Namun, tampaknya optimisme reformasi perlahan menghadapi realitas politik yang jauh lebih kompleks. Demokrasi yang diharapkan mampu menghadirkan kompetisi politik yang sehat justru memperlihatkan kecenderungan menguatnya pragmatisme elite. Partai-partai politik yang semestinya menjadi sarana representasi kepentingan publik dalam banyak kasus berubah menjadi instrumen negosiasi kekuasaan antarelite politik. Politik tidak lagi sepenuhnya dijalankan sebagai arena pertarungan gagasan, ideologi, dan program kebijakan, melainkan semakin didominasi oleh praktik kompromi dan transaksi politik.
Dalam perkembangan selanjutnya, pengamat politik melihat berbagai fenomena politik menunjukkan arah kecenderungan tersebut. Pembentukan koalisi pemerintahan yang sangat gemuk, melemahnya oposisi politik, distribusi jabatan publik berbasis kompromi elite, hingga praktik bagi-bagi kue kekuasaan menjadi gejala yang semakin lazim dalam demokrasi pasca reformasi. Perbedaan ideologis antarpatai politik menjadi semakin kabur karena orientasi utama politik bergeser pada upaya melanggengkan kekuasaan atau mempertahankan akses terhadap sumber daya negara dan kekuasaan politik. Dalam situasi demikian, hubungan antarpatai tidak lagi sepenuhnya bersifat kompetitif, tetapi cenderung kolaboratif dalam kerangka mempertahankan kekuasaan dan pembagian kekuasaan.

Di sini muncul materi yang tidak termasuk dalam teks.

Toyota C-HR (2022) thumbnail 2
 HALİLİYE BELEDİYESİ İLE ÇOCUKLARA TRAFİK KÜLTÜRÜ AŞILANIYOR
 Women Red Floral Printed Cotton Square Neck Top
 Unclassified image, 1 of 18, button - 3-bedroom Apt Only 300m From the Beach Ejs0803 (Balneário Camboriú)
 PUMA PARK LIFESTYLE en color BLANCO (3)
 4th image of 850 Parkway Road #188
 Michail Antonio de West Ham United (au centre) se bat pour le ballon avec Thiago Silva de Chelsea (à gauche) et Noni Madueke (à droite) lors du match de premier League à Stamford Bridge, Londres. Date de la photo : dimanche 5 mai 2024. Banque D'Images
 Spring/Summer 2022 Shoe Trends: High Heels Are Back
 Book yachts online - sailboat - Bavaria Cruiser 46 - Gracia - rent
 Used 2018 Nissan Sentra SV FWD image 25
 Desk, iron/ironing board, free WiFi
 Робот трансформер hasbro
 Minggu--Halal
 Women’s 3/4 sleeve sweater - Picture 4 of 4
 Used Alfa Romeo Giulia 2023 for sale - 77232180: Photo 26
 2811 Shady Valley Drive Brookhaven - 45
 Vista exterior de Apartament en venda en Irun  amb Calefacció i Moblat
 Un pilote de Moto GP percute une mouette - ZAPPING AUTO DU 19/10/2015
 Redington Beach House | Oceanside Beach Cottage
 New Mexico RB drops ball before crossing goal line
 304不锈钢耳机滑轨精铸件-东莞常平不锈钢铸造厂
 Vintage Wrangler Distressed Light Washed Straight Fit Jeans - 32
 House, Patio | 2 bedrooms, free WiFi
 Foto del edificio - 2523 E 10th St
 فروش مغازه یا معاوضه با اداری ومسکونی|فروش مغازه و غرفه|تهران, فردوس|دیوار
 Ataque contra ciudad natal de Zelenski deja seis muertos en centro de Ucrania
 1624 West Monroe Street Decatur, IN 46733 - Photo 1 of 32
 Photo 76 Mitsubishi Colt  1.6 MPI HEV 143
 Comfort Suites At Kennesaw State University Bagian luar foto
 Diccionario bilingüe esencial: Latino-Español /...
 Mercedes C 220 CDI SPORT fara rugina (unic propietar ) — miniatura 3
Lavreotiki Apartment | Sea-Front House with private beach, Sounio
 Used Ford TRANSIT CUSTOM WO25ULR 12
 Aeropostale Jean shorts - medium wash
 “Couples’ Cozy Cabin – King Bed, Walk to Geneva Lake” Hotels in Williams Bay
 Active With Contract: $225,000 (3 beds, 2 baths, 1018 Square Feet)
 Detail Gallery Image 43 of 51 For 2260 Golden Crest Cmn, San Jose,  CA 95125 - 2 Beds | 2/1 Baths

Fenomena yang penulis paparkan di atas mengindikasikan adanya kecenderungan berkembangnya politik kartel dalam demokrasi Indonesia. Politik kartel pada dasarnya merujuk pada situasi ketika partai-partai politik yang seharusnya bersaing justru membangun pola kolusi dan kerja sama demi menjaga kepentingan bersama. Kompetisi politik tidak dihilangkan sepenuhnya, tetapi dikendalikan agar tetap berada dalam batas yang tidak mengancam stabilitas elite politik yang berkuasa. Dalam sistem semacam ini, partai-partai politik cenderung berbagi akses terhadap sumber daya negara melalui distribusi jabatan politik, kompromi kebijakan, maupun pengelolaan kekuasaan secara bersama.
Praktik politik kartel dan berbagai bentuk kolusi politik di Indonesia pada dasarnya merupakan bagian dari warisan struktur politik Orde Baru yang bercorak otoriter-korporatis. Selama lebih dari tiga dekade kekuasaannya, rezim Soeharto membangun sistem politik yang memadukan kontrol kekuasaan yang kuat dengan jaringan patronase ekonomi yang luas. Kejatuhan rezim Orde Baru pada tahun 1998 tidak serta-merta menghapus struktur oligarki yang telah mengakar dalam kehidupan politik Indonesia. Sebaliknya, struktur tersebut justru beradaptasi dan mengalami transformasi dalam lanskap demokrasi pasca reformasi. Demokratisasi yang berkembang setelah 1998 memang membuka ruang bagi lahirnya sistem multipartai dan kompetisi elektoral yang lebih terbuka. Akan tetapi, perkembangan tersebut tidak sepenuhnya melahirkan persaingan politik yang sehat. Dalam praktiknya, partai-partai politik justru cenderung membangun pola kerja sama pragmatis yang mengarah pada pembentukan kartel politik. Akibatnya, partai politik yang seharusnya menjalankan fungsi representasi kepentingan publik sering kali berubah menjadi instrumen bagi kepentingan elite oligarkis (Rohmandar, 2025).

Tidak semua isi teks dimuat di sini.